Table1 here shows Vacuum filters being 11x faster than bloom. https://www.vldb.o...

thomasmg · on Aug 11, 2021

This paper seems to use an un-optimized Bloom filter implementation. It also lists cuckoo filters to be 10 times faster than Bloom filters. In other papers, e.g. the cuckoo filter paper and the xor filter paper, the difference is _much_ smaller; maybe factor 2.

https://dl.acm.org/doi/pdf/10.1145/2674005.2674994 - figures 5 and 6

https://arxiv.org/abs/1912.08258 - figures 3b and 4b

boyter · on Aug 11, 2021

Ribbon filters also look promising https://engineering.fb.com/2021/07/09/data-infrastructure/ri...

thomasmg · on Aug 11, 2021

Yes.
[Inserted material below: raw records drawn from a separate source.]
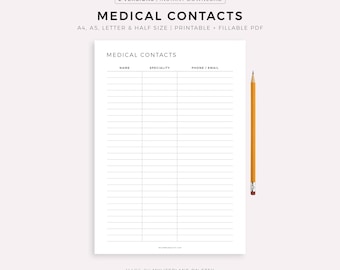 Medical Contacts List Printable, Healthcare Contacts, Doctor Contacts, Wellness Printable, Family Planner, A4/A5/Letter/Half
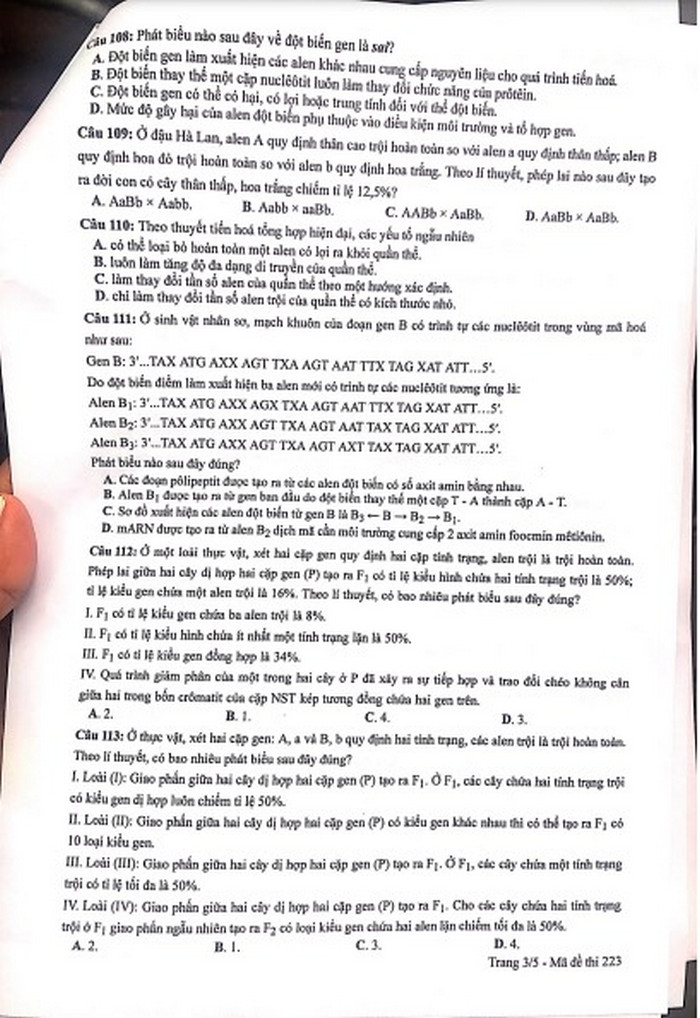 Dap an de thi mon Sinh - Ma de 223 tot nghiep THPT 2022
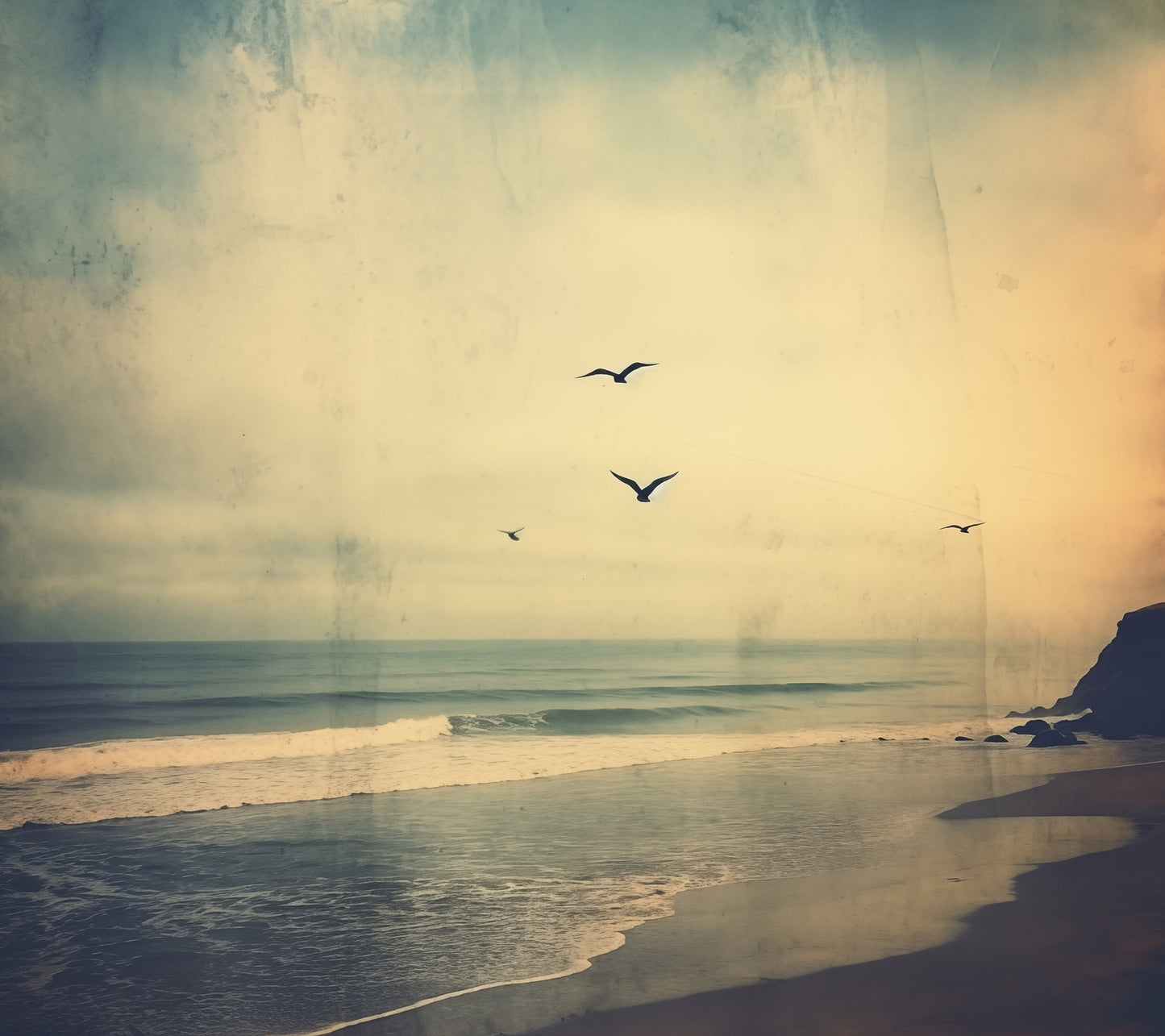 Abstract Beach Art: Coastal Reverie Subdued Retro Coastal Photorealism - Digital Artwork Loose Print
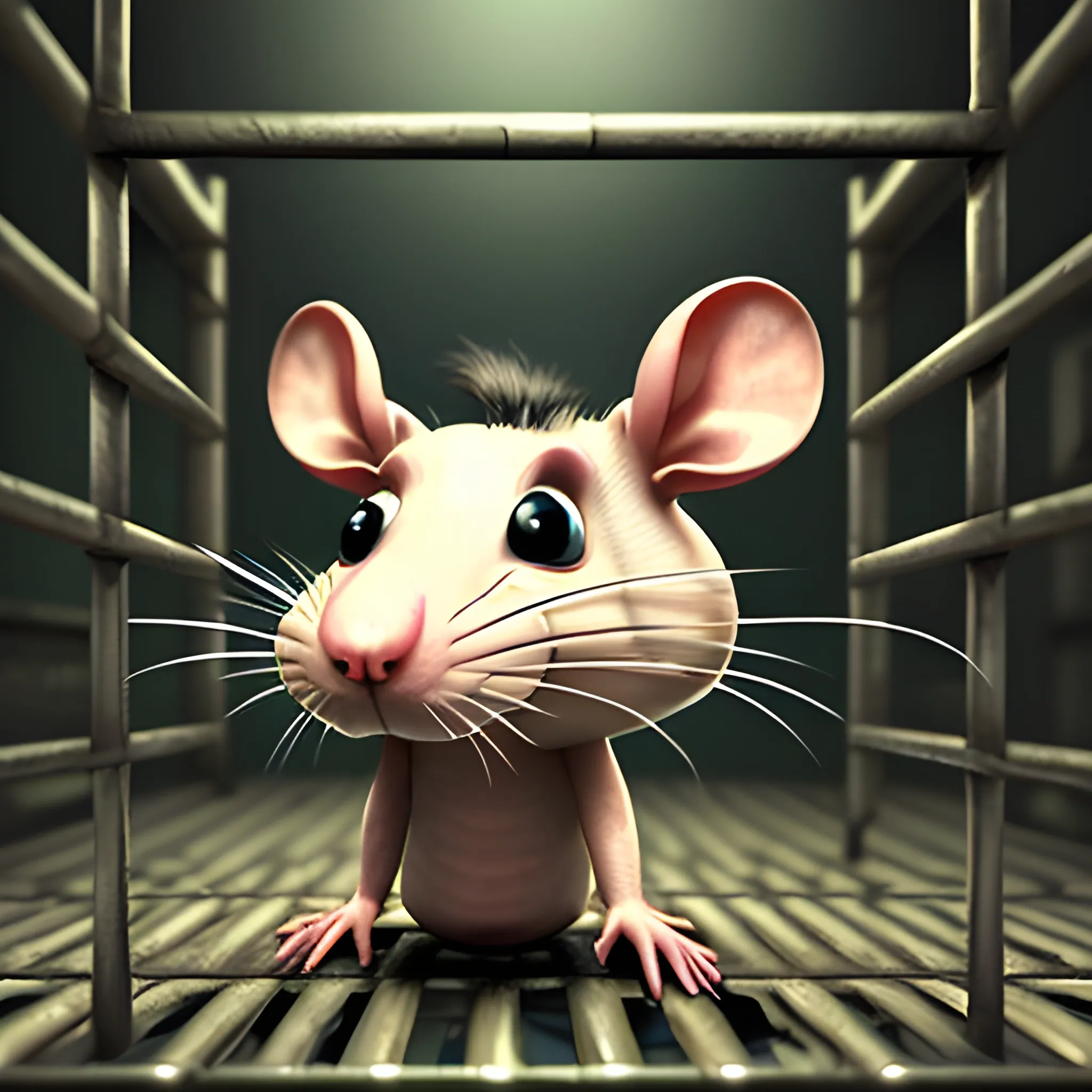 a rat behind prison bars, 3D, Trippy, Oil Paintin, 3 d rendering. unreal engine. amazing likeness. very detailed. cartoon caricature.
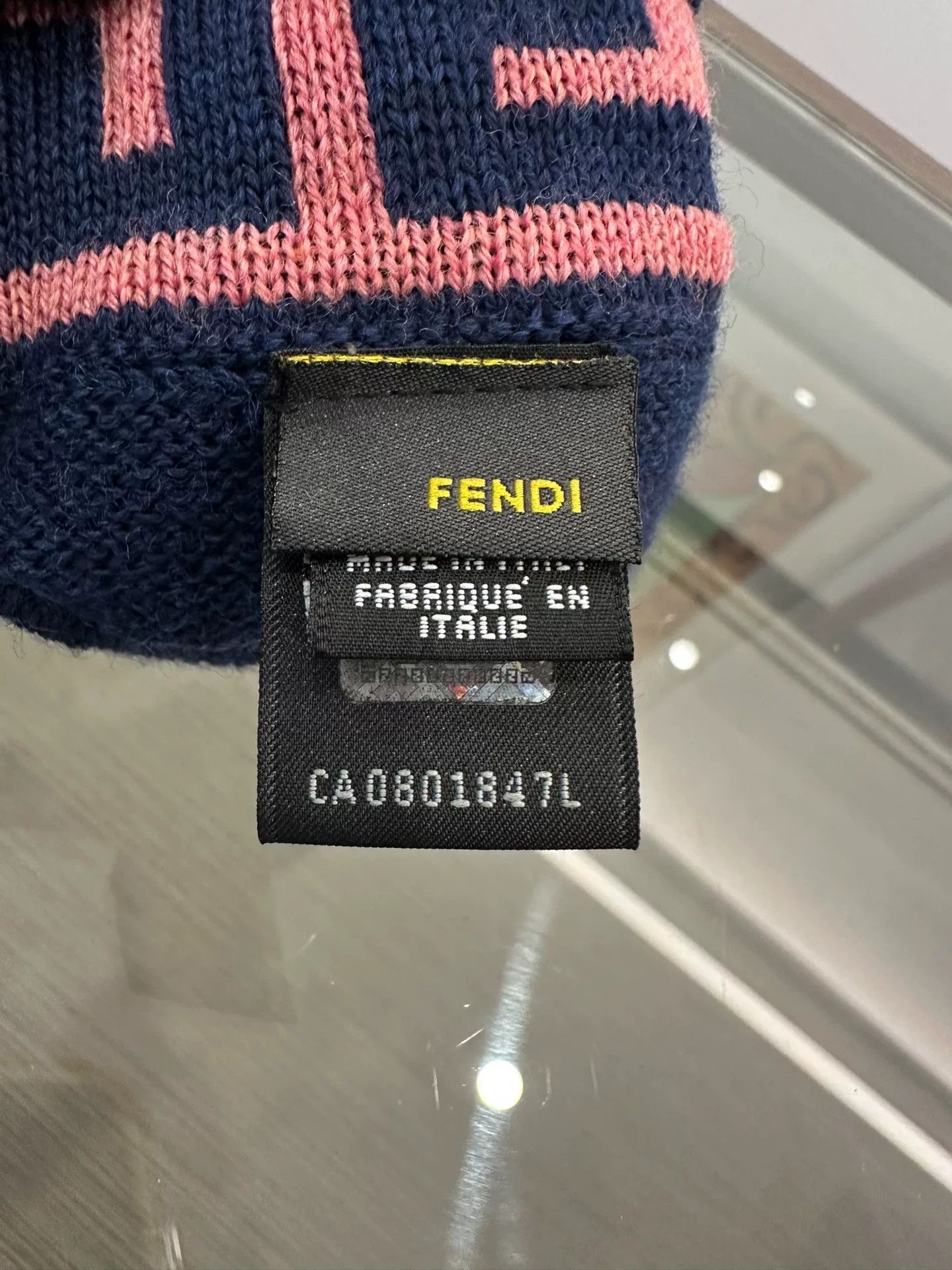 Fendi Fendi Pink Double F Logo Navy Wool Gloves Size ONE SIZE - 4 Thumbnail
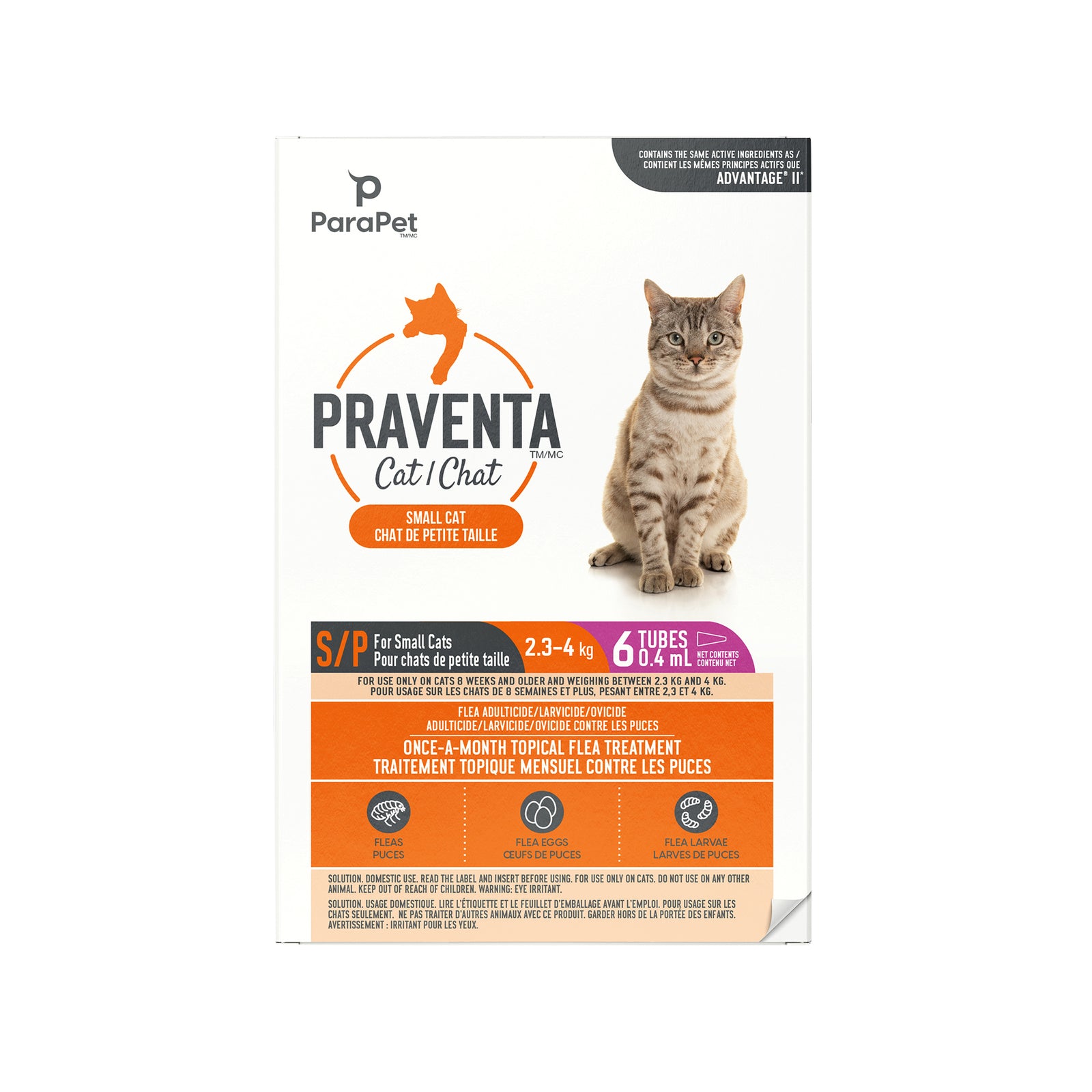 Traitement Parapet Praventa, chats de petite taille, 6 tubes - La niche&moi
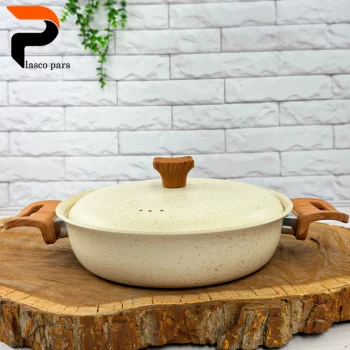 تابه 24 دودسته دسته چوبی گرانیتی کرمی هاناتک - Image 5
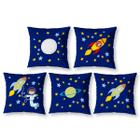 Kit 5 Capas de Almofadas Estampadas Decorativa Astronauta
Some variants of ribbon filters are very fast, and other variants (which are a bit slower thought) need very little space: only a few percent more than the theoretical lower bound.

For static sets, ribbon filters and binary fuse filters (e.g. here: https://github.com/FastFilter/xor_singleheader) are very competitive. Both are based on recent (2019 and newer) theoretical work from Stefan Walzer, e.g. this one https://arxiv.org/pdf/1907.04749.pdf

gigatexal · on Aug 11, 2021

Is anyone curating the latest developments in this space? I feel like I only stumbled upon Vacuum filters and now Ribbon filters just because of the top comment on a HN thread. Is anyone doing a "latest/developments in the datastructure/algo space"?

gigatexal · on Aug 11, 2021

Bonus points if someone starts this and breaks it down for the more pedestrian IQ'd folks like myself.

gigatexal · on Aug 11, 2021

Thanks for this context!

I wonder how the peer review process missed the use of an inefficent bloom filter implementation?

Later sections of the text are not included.